Silva replaced Mike Phelan, whose team lost 5-1 at Anfield in September. Given the new man’s impressively close results against Manchester United recently, Klopp can’t possibly expect such an easy ride this time.
He’ll also need to get a better result than Jose Mourinho did on Wednesday, as the United manager triggered a new war of words with his Liverpool counterpart over perceived leniency regarding the German’s touchline behaviour. To do that, Klopp will need his star players to improve. Sadio Mane’s return from the African Nations Cup is timely.
Though it doesn’t look likely Chelsea can be caught now, the Londoners face a tough derby on Saturday against Arsenal. Any stumble must be seized upon by the chasing pack, including Liverpool.
The Reds’ losing streak may have been halted but the need to return to winning ways can’t be stressed enough. Draws are no good at any stage of the season but the current point spread between second and sixth is wafer-thin.

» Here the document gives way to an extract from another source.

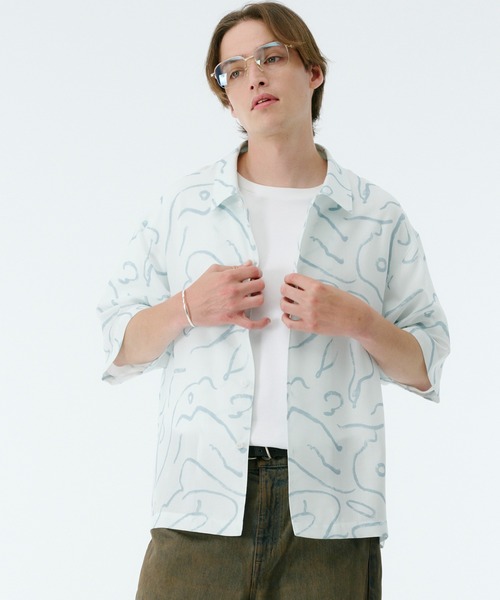 PUBLIC TOKYO(パブリックトウキョウ)の「アブストラクトアートプリント柄シャツ /夏服/ウォッシャブル/半袖/防シワ(シャツ/ブラウス・メンズ・ブルー/サックスブルー・1/2)」の11枚目の写真
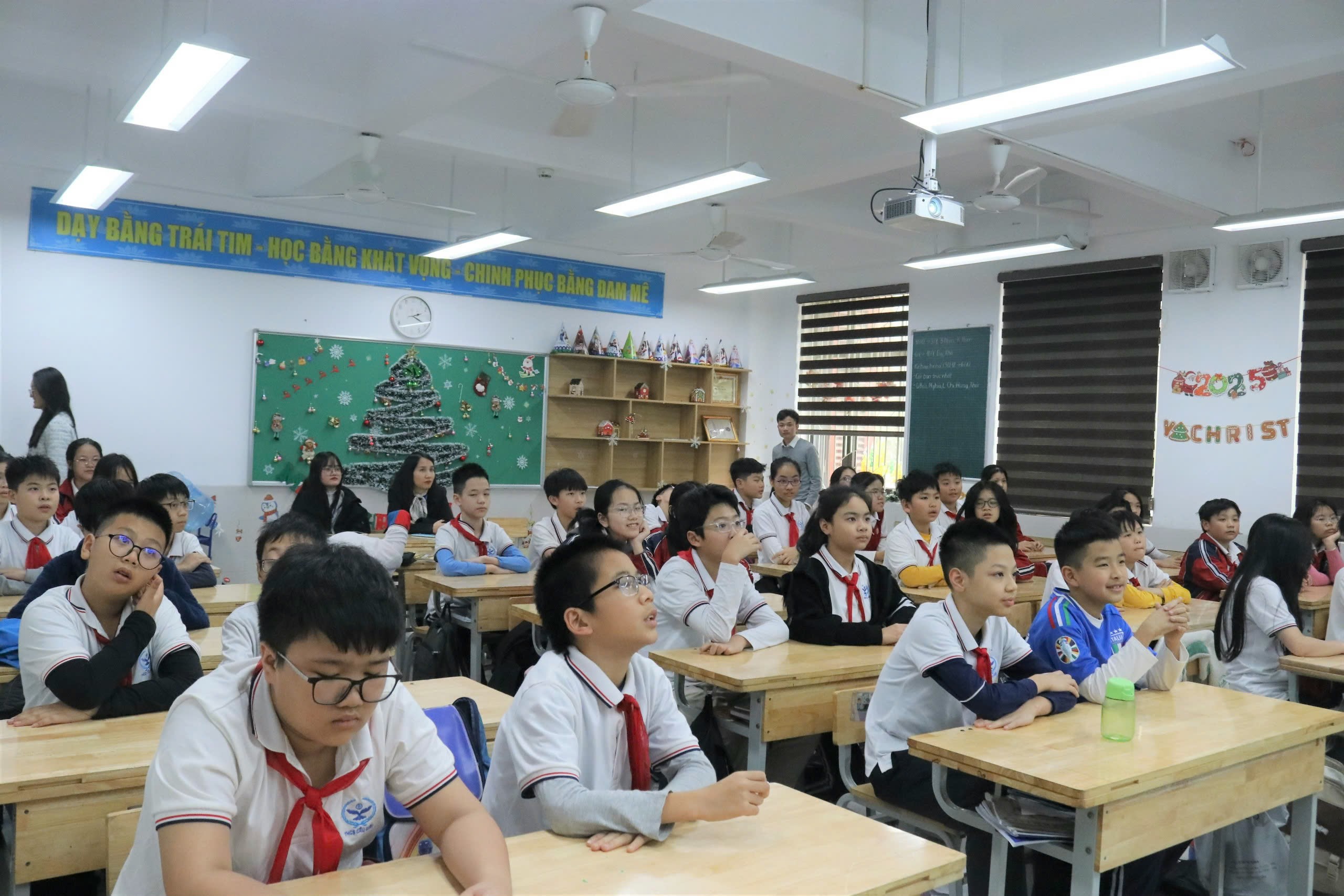 HOẠT ĐỘNG PHÒNG NGỪA CÁC VẤN ĐỀ TÂM LÍ VÀ PHÁP LUẬT CHO HỌC SINH TRƯỜNG THCS CẦU GIẤY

Liverpool are the only club in that top six seriously struggling for form. If that run doesn’t end soon, all of their pre-January excellence will have been in vain. Other teams’ temporary setbacks only deflect attention from your own flaws. Arsenal’s abysmal 2-1 defeat at home to Watford, Spurs’ failure to beat Sunderland and United drawing a blank at home to Hull are no use to Liverpool if they keep faltering themselves.
It might be difficult to pretend Hull are anything like as good as Chelsea, but fully respecting the opposition is a major factor in why Chelsea are 10 points clear of Liverpool.
Is that gap too big to close? Most likely, but until it’s mathematically impossible to catch them, Liverpool must give every game the same intensity and energy they gave to the league leaders. It’s not that Chelsea won’t drop points — maybe even 10 of them — but with Liverpool and their Achilles’ heel everyone knows they will drop points too.
That’s what makes the visit to Hull so important. Fans are almost resigned to the Reds letting them down, expecting it even. A good win in East Yorkshire would briefly halt the negativity oozing into Anfield.
There is no European or even domestic cup football to distract them now. Cynics claimed that’s why Liverpool did so well in the first half of the season and why they’ve floundered in January. Even good results from now on won’t halt those insinuations. Better that than the Reds still struggling despite having a significant advantage over their closest rivals.
The ability to beat the teams in the bottom 10 often decides who does well or not. In the aforementioned Rafael Benitez title challenge in 2008-09, he went close to catching Sir Alex Ferguson’s Manchester United. United collected an awe-inspiring 58 points from the 60 available to them against the bottom 10. That’s why they came first.
It’s only when Klopp overcomes this obstacle that anyone can begin to take Liverpool seriously as title challengers.
Beating Hull on Saturday would be the perfect start.